The presbytery held a town hall meeting to discuss the statement before taking it up at a presbytery meeting. Trawick said the language was modified slightly to clarify the presbytery wasn’t speaking for all its congregations. There was some opposition to the statement, “maybe one or two, although vocal,” he noted, but the statement passed overwhelmingly during a special meeting of the presbytery.
“The Reformed tradition has always believed that part of our vocation is to be engaged in the political sphere,” he said. “We’re not Anabaptists, and we believe that care for God’s creation involves the body politic and involves being faithfully engaged in the body politic. So ignoring threats to the common good is an abdication of our call to be disciples.”
“Ignoring threats to the common good is an abdication of our call to be disciples.” — General Presbyter of Albany Presbytery Rob Trawick
In a religious culture overtaken by individualism and demagoguery, Trawick said people of faith have the opportunity to do good for others, especially for the vulnerable, because our faith demands it.
“There is no way to imagine Christianity without community,” he said. “I was in a church service recently, and they were preaching on a variety of biblical passages, and they mentioned the great commandment, ‘love the Lord your God with all your heart.’ And that’s where they stopped.

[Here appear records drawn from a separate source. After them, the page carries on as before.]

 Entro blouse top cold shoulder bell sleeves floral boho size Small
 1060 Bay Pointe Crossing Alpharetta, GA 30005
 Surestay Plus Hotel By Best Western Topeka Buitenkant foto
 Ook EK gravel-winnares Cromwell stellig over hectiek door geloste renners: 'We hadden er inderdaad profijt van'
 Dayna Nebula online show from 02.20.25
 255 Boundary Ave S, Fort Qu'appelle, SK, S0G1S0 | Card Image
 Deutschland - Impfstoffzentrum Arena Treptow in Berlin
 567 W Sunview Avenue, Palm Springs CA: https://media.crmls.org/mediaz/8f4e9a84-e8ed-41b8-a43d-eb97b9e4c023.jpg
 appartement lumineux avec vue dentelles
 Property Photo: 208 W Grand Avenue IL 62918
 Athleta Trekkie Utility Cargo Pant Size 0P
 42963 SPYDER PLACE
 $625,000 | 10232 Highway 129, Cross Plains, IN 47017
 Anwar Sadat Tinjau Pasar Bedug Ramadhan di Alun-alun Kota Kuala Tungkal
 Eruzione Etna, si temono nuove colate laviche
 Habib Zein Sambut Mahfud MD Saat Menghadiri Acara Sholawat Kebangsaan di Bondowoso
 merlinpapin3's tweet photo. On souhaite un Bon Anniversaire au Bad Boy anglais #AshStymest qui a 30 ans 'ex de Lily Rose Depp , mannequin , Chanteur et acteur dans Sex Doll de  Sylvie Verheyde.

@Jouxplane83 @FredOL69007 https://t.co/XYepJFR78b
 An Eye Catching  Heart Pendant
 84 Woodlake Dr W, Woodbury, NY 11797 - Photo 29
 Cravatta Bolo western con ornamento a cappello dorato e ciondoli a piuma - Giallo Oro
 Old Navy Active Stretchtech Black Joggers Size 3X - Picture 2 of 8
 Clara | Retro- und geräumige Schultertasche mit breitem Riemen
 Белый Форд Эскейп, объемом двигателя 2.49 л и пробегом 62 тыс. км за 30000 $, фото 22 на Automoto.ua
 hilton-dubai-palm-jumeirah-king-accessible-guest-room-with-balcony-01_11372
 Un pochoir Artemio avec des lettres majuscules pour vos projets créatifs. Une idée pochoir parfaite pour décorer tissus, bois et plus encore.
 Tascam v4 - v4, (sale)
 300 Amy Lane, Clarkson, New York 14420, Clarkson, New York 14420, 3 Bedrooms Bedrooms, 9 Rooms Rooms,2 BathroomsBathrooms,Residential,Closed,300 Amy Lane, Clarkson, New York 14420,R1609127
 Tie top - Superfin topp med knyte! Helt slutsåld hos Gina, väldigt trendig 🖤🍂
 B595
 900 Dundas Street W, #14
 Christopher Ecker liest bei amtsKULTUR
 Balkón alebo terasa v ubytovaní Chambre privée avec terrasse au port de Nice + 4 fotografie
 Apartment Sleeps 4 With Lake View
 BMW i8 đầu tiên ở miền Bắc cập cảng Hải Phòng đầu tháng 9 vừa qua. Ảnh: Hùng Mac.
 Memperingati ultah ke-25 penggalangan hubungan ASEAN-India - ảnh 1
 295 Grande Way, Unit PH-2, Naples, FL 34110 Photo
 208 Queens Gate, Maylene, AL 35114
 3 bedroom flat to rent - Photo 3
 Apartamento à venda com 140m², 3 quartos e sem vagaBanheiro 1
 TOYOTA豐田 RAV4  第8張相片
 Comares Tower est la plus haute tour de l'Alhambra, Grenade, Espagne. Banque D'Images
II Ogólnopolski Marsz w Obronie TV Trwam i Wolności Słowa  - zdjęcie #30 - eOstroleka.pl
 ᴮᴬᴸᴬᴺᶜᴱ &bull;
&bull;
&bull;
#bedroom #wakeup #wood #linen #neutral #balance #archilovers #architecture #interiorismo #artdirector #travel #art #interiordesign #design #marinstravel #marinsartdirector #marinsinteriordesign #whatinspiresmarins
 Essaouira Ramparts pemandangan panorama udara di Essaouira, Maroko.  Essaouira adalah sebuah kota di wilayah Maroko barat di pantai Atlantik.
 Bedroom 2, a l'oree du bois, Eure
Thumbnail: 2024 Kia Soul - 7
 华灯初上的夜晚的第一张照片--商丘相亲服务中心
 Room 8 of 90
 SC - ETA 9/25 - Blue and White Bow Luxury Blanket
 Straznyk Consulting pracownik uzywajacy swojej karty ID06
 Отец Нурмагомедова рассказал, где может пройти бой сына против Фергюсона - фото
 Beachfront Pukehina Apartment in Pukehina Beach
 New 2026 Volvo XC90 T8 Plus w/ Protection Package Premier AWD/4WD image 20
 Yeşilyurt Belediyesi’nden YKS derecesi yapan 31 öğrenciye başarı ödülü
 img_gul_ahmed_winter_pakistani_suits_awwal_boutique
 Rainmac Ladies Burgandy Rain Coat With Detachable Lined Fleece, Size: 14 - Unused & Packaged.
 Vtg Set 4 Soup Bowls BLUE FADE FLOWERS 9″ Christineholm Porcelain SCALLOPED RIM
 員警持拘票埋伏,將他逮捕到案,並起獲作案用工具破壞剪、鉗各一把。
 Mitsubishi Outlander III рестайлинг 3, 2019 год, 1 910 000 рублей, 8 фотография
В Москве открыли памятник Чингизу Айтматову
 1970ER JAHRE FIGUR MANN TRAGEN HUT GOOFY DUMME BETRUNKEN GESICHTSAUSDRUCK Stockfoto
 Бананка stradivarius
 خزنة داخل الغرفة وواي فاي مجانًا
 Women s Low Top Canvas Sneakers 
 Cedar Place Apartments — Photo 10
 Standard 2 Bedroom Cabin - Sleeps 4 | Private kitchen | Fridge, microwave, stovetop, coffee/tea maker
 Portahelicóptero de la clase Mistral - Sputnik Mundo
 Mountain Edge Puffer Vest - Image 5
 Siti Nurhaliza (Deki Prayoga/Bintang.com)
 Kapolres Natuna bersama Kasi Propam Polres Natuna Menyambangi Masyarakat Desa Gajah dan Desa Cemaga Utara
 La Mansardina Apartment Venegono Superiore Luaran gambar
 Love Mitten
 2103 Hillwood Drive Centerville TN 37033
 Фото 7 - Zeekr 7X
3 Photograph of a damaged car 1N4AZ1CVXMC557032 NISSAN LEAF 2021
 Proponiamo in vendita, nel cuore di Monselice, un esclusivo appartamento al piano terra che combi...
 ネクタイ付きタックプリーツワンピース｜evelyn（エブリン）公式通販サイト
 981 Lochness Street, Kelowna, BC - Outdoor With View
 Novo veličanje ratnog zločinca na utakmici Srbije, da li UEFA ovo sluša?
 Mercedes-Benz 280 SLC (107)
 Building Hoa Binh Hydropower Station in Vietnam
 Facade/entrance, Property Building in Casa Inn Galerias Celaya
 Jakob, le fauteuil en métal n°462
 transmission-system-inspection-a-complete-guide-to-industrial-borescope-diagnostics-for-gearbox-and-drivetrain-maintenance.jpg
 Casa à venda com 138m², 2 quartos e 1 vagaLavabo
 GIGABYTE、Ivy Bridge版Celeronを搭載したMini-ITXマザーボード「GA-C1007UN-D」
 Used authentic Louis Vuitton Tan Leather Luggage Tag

It struck me: the damning piece of heresy in [this] theology is erasing the neighbor, even going so far as to edit Scripture, to edit out the neighbor. It’s not peripheral to Scripture, it’s central to Scripture.”
A letter from the stated clerk
A July 1, 2025, letter to the church from the Rev. Jihyun Oh, stated clerk of the General Assembly and executive director of the Interim Unified Agency of the PC(USA), added to these statements with a strongly worded condemnation of tyrannical leadership posing as Christians.

“We find ourselves in a nation in which leaders who purport to be Christian are attacking those who preach the mercy and love of Christ Jesus, arresting those who pray for justice, and using their position of leadership to harm the most vulnerable and to enrich themselves and their friends and allies by impoverishing those who have much less,” she said.
Saying these leaders seek power over truth, winning over communion and the good of the whole, who “build up dividing walls of hostility, threaten the vulnerable, and ridicule the marginalized.”
“This is not Christian,” she asserted. “This is not Christian leadership.”
Oh affirmed the denomination’s commitment to diversity and inclusion of marginalized communities within the PC(USA), and pledged support for these same communities beyond the walls of the church.
“[Presbyterians] will continue to stand with and for the most vulnerable in our society…” — Stated Clerk of the General Assembly Jihyun Oh
“We will continue to stand with and for the most vulnerable in our society, whether that is because of status, identity, ability, resources, or any other factor; all bear the image of God…” she said.
“As Presbyterians, the Lord of our conscience calls us to stand up against the abuse of power and authority, especially when it is done in the name of Christ but not in the image and likeness of Christ and his earthly ministry.”